The SSA members approved a management recommendation to modify the company’s license, so that the private ferry service will not be required to pay the SSA for passengers it carries on the high-speed Grey Lady during the winter season, when the boatline will not provide high-speed service.

“Without this limited reduction in its license fees, there was a possibility that Hy-Line would no longer be able to provide its high-speed service during the unprofitable winter months,” said the SSA in a management report.

The agreement is for three years and comes with the expectation that the company will not ask for any further modifications to either of its license fee schedules on its Vineyard and Nantucket routes.

The SSA’s enabling legislation requires companies that transport freight, passengers, or autos in vessels of a certain tonnage from the Massachusetts mainland to be licensed by the authority. License fees are intended to mitigate the boatline’s losses to private competitors, particularly during the lucrative summer months when authority profits are counted on to offset winter losses.

Without winter payments, the SSA estimates that Hy-Line will pay between $325,000 and $550,00 in fees for 2009, depending on the number of passengers it carries.

Marc Hanover, Vineyard SSA member, said he agreed to go along with the proposal, for several reasons. Winter service is maintained, the Nantucket member supported it, and it allows the SSA to reduce operational wear on its own high-speed vessel, the Iyannough.

“The good part of it for the Steamship Authority is we don’t have to beat up our boat,” said Mr.

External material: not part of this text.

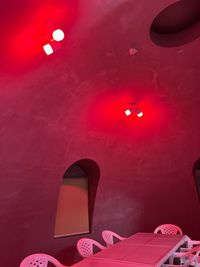 照明が変わります　赤 - 糸島ドームハウスの室内の写真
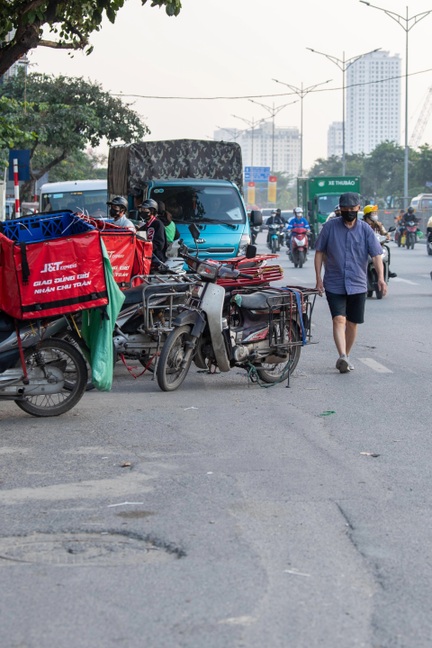 Nhức nhối tình trạng lấn chiếm vỉa hè, đẩy người đi bộ xuống đường ở Hà Nội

Hanover. “If we carried all the passengers for those three months we would still lose more than $200,000.”

Any savings realized on the Nantucket route would be good news for that island’s ratepayers. SSA fares are calculated to pay for the costs of service on each route. Less Nantucket traffic means fewer ratepayers to pick up the costs of service, and the news is not good.

In a report on year-end 2008 traffic statistics, management reported that Nantucket saw decreases from 2007 levels in passenger traffic (off 5.7 percent), autos (3.1 percent) and trucks (7.6 percent).

By contrast, Vineyard 2008 traffic levels remained relatively stable when compared to the previous year. Passenger traffic was up 1.4 percent, auto traffic was up 0.3 percent, and truck traffic was up 0.1 percent.

In other business, the SSA reported that the Oak Bluffs terminal reconstruction project is on schedule. The second phase of construction is expected to be completed by the end of April.

The board also approved payments for design services for phase three, which will include the construction of a new covered passenger walkway to the pier, a passenger waiting deck attached to the back of the terminal, site improvements to the Seaview Avenue pick-up/drop-off area and extensive renovations and modifications to the terminal building.